**YOUR OBJECTIVE:** All lines below between the line with "10415 Sw 46TH Pl A, Portland, OR 97219" and the line with "Yamaha raptor 660", including both, must be copied exactly, and the pictures must be omitted.

**DATA TO PROCESS:**
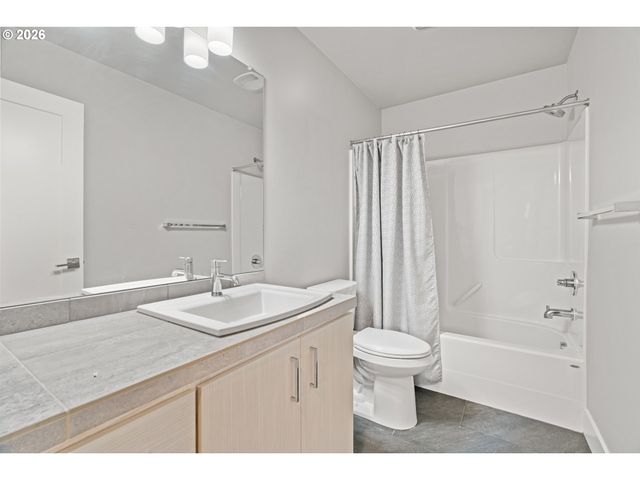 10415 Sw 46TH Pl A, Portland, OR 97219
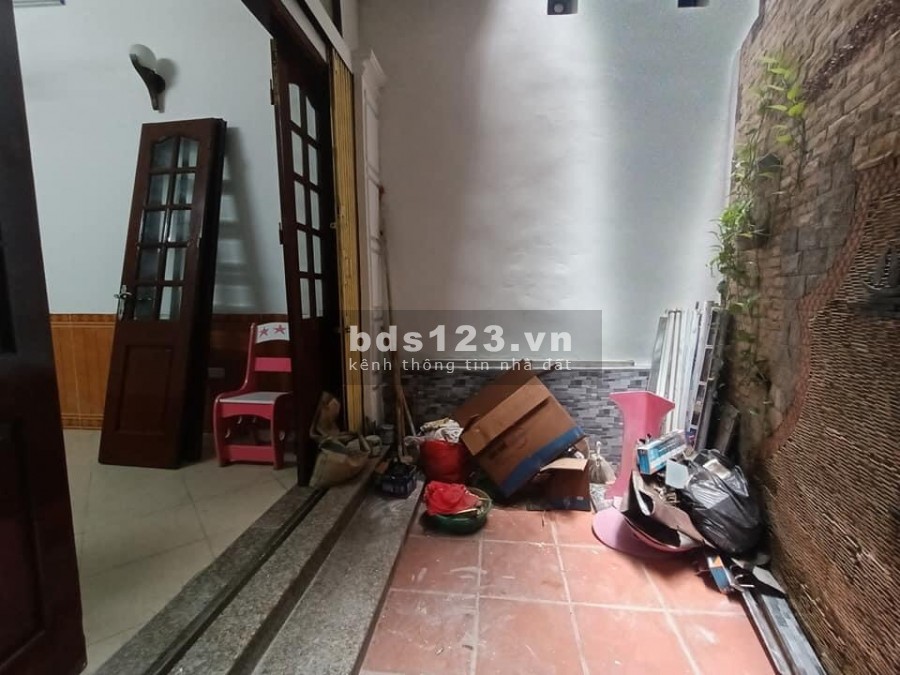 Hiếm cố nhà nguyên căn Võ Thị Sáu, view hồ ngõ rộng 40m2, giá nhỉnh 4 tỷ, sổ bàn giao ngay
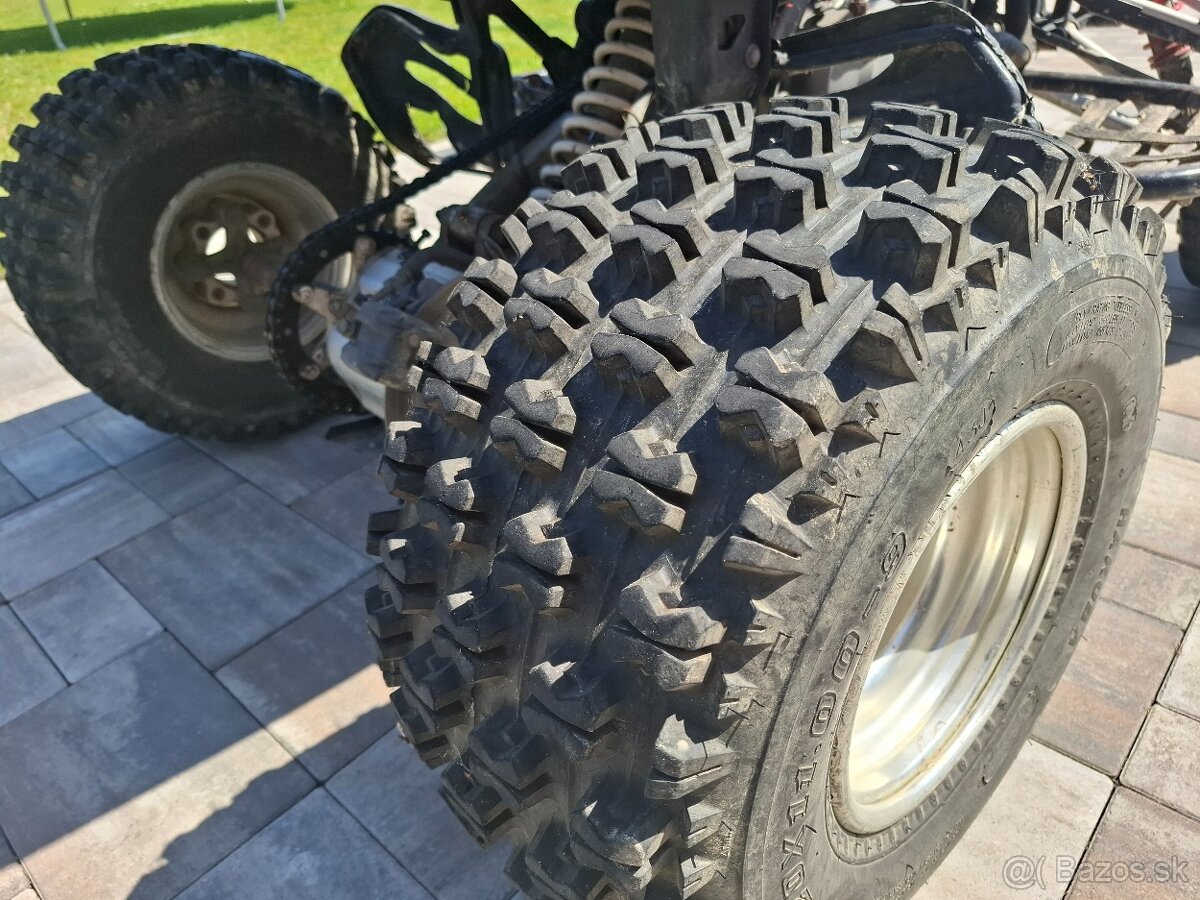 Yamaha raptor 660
---
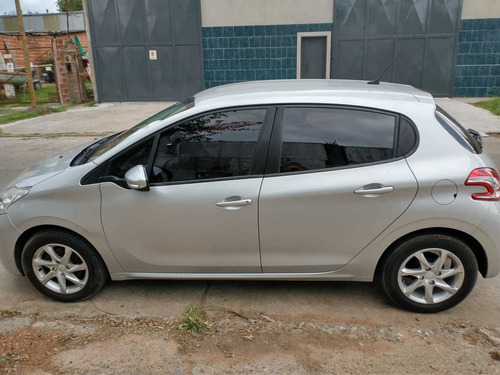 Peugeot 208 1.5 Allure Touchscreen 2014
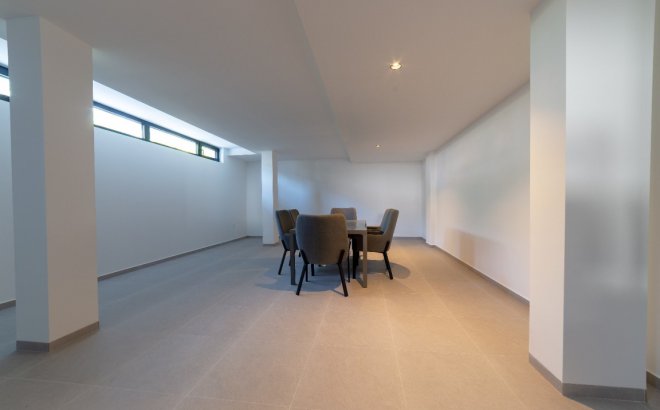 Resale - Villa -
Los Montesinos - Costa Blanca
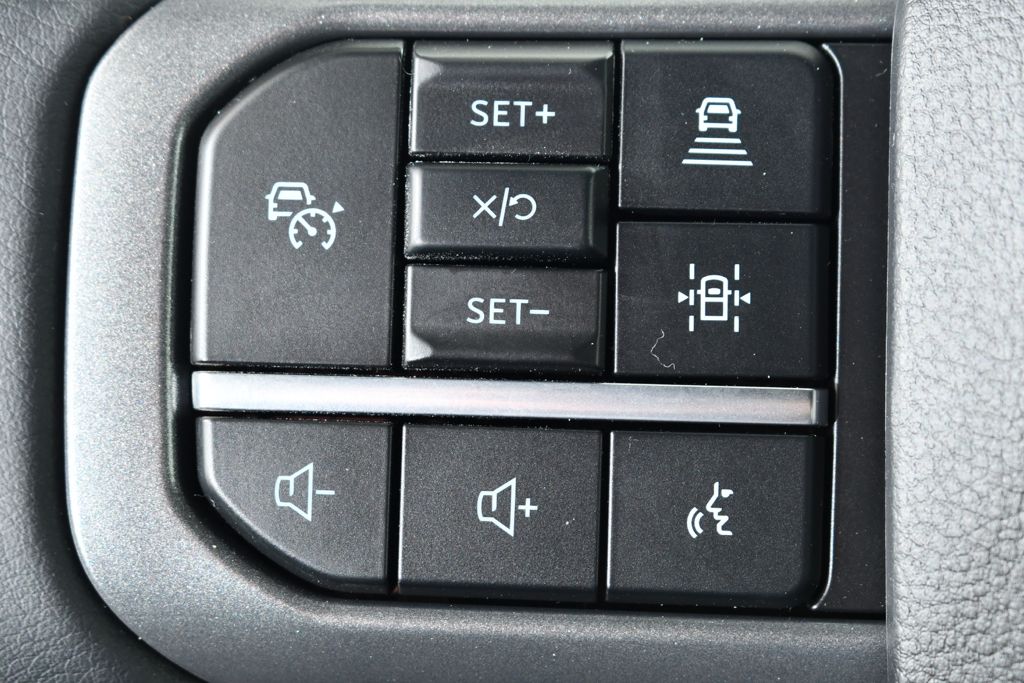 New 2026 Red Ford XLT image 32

**RESPONSE BOX:**
 10415 Sw 46TH Pl A, Portland, OR 97219
 Hiếm cố nhà nguyên căn Võ Thị Sáu, view hồ ngõ rộng 40m2, giá nhỉnh 4 tỷ, sổ bàn giao ngay
 Yamaha raptor 660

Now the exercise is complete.